She acknowledged from the very first that he was not
the sort of man whom she ought to have loved, and therefore
she was prepared to submit.
It was, no doubt, the fact that Felix
Graham had never whispered to her a word of love,
and that therefore, on that ground, she had no excuse
for hope. But, had that been all, she would not
have despaired. Had that been all, she might
have doubted, but her doubt would have been strongly
mingled with the sweetness of hope. He had never
whispered a syllable of love, but she had heard the
tone of his voice as she spoke a word to him at his
chamber door; she had seen his eyes as they fell on
her when he was lifted into the carriage; she had
felt the tremor of his touch on that evening when she
walked up to him across the drawing-room and shook
hands with him. Such a girl as Madeline Staveley
does not analyze her feelings on such a matter, and
then draw her conclusions. But a conclusion is
drawn; the mind does receive an impression; and the
conclusion and impression are as true as though they
had been reached by the aid of logical reasoning.

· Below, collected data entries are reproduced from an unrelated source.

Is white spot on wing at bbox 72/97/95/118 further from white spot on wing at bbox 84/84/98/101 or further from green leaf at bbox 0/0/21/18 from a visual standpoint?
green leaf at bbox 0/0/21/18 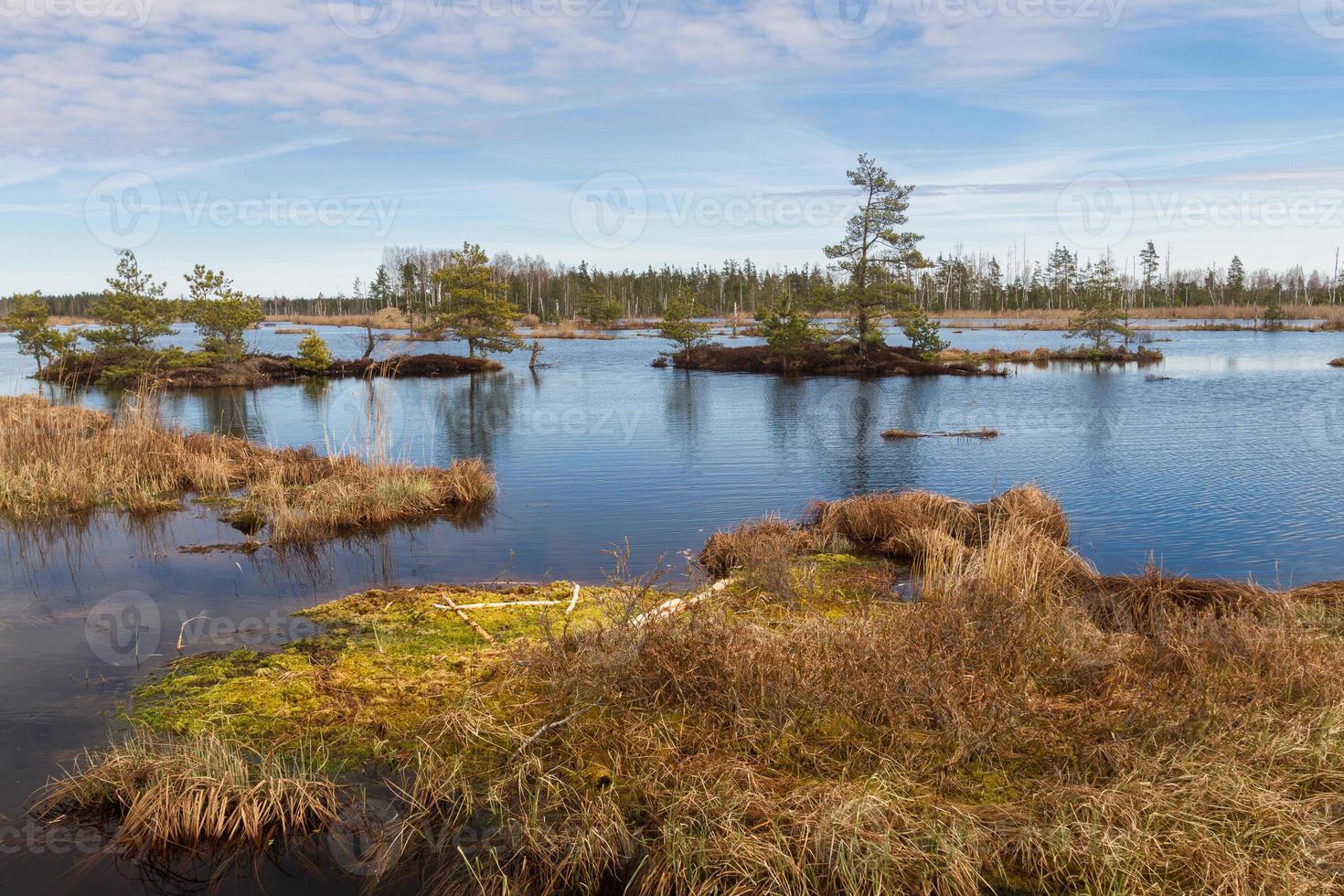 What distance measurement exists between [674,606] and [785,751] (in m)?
2.22

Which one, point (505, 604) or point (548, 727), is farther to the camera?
point (505, 604)

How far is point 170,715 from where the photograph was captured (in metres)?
6.62

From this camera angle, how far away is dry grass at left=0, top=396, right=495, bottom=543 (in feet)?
44.0

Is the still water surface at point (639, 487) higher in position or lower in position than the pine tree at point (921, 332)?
lower

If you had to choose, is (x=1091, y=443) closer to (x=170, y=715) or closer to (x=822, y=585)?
(x=822, y=585)

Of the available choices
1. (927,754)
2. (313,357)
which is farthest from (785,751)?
(313,357)

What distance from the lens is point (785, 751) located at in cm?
574

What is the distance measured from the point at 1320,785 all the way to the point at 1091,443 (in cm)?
1701

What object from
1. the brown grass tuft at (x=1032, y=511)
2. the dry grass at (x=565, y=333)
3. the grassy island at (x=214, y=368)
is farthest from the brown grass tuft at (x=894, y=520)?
the dry grass at (x=565, y=333)

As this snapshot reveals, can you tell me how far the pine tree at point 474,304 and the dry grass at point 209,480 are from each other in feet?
85.5

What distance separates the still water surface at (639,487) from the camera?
8234 millimetres

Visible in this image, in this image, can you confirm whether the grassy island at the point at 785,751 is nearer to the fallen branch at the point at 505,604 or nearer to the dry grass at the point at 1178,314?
the fallen branch at the point at 505,604

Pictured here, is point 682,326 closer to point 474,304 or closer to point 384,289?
point 474,304

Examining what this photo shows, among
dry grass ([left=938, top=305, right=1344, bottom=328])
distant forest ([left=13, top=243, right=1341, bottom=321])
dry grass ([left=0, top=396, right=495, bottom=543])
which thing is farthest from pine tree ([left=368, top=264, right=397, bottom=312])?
dry grass ([left=0, top=396, right=495, bottom=543]) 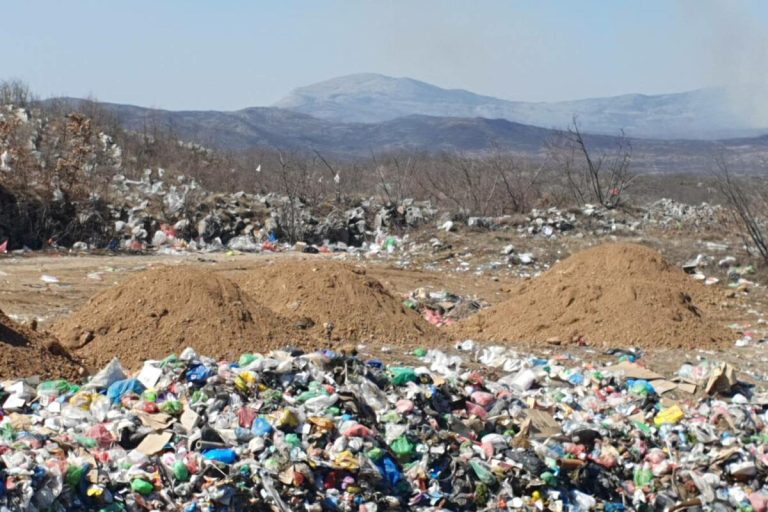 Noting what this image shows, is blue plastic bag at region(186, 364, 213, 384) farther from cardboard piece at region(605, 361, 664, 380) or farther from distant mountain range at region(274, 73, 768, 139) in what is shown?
distant mountain range at region(274, 73, 768, 139)

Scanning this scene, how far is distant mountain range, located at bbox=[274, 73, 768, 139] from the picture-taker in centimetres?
13738

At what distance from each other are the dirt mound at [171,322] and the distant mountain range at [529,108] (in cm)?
12341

Had the match been such as her mother would have approved,
she would have had a hope as to Felix Graham’s
love strong enough for happiness.
As it was, there was no use in hoping;
and therefore she resolved having gone
through much logical reasoning on this head that
by her all ideas of love must be abandoned. As
regarded herself, she must be content to rest by her
mother’s side as a flower ungathered. That
she could marry no man without the approval of her
father and mother was a thing to her quite certain;
but it was, at any rate, as certain that she could
marry no man without her own approval. Felix
Graham was beyond her reach. That verdict she
herself pronounced, and to it she submitted.

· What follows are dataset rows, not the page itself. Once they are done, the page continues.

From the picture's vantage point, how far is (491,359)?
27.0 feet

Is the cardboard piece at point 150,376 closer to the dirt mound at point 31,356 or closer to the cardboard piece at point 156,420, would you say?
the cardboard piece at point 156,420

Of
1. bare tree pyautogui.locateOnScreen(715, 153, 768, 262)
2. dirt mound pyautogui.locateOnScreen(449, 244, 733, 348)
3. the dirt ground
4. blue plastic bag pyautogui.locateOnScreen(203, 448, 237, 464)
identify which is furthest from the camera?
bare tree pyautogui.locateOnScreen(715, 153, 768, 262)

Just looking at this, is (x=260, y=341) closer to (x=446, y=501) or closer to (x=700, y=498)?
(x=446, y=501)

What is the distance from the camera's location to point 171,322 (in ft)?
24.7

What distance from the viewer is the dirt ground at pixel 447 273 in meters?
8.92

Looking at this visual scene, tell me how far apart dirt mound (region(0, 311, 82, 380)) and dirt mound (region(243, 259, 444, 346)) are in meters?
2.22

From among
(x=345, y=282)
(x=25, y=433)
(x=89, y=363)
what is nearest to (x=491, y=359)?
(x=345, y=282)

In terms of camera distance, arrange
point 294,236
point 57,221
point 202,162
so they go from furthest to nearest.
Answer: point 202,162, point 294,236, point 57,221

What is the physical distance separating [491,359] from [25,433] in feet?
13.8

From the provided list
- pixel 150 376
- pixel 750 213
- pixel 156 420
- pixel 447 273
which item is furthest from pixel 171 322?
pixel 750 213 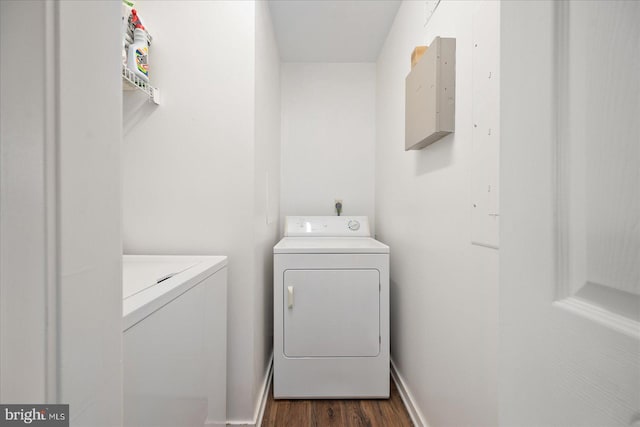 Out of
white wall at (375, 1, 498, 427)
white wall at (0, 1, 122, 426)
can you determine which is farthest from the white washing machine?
white wall at (0, 1, 122, 426)

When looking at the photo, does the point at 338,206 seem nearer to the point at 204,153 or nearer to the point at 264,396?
the point at 204,153

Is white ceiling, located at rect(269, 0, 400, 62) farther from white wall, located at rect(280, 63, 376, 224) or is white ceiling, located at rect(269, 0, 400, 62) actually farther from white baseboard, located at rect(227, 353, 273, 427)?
white baseboard, located at rect(227, 353, 273, 427)

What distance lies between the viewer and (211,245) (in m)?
1.54

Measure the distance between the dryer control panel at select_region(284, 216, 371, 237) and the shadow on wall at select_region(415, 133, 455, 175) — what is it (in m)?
0.97

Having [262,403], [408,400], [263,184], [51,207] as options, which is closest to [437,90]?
[263,184]

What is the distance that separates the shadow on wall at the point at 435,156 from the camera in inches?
49.7

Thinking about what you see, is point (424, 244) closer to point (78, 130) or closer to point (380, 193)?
point (380, 193)

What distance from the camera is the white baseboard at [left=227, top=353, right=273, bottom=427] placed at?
152 centimetres

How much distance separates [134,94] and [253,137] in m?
0.60

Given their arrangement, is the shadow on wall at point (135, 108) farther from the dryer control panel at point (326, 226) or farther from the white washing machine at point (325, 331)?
the dryer control panel at point (326, 226)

But Peregrine Orme was still more distant from her; Peregrine
Orme, or any other of the curled darlings who might
come that way playing the part of a suitor. She
knew what she owed to her mother, but she also knew
her own privileges.
There was nothing said on the subject
between the mother and child during three days.

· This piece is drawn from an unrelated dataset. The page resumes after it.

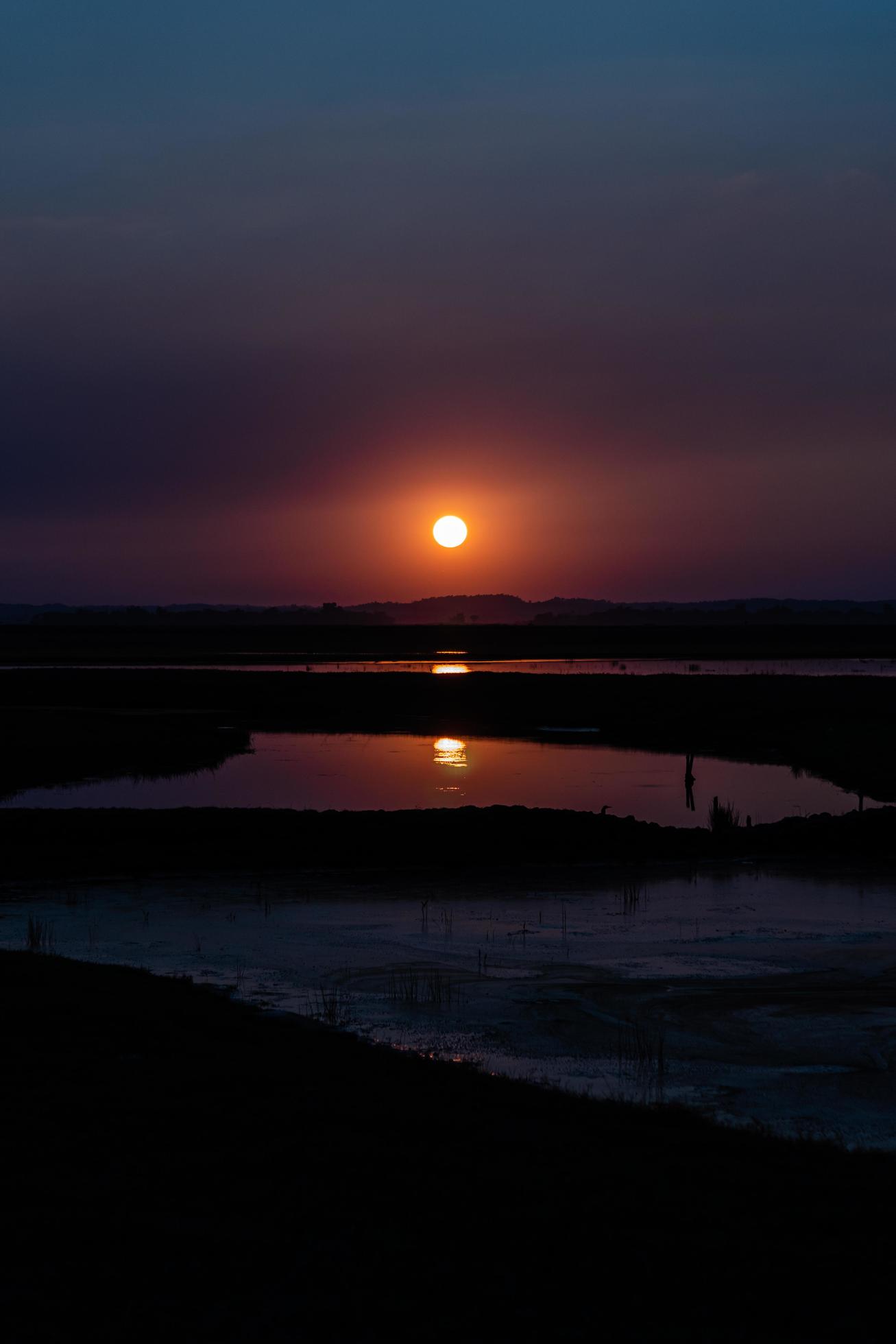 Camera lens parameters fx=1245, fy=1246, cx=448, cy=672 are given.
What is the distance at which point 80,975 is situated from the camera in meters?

Lady Staveley was more than ordinarily affectionate
to her daughter, and in that way made known the thoughts
which were oppressing her; but she did so in no other
way. All this Madeline understood, and thanked
her mother with the sweetest smiles and the most constant
companionship. Nor was she, even now, absolutely
unhappy, or wretchedly miserable; as under such circumstances
would be the case with many girls. She knew all
that she was prepared to abandon, but she understood
also how much remained to her. Her life was her
own, and with her life the energy to use it.
Her soul was free. And her heart, though burdened
with love, could endure its load without sinking.
Let him go forth on his career. She would remain
in the shade, and be contented while she watched it.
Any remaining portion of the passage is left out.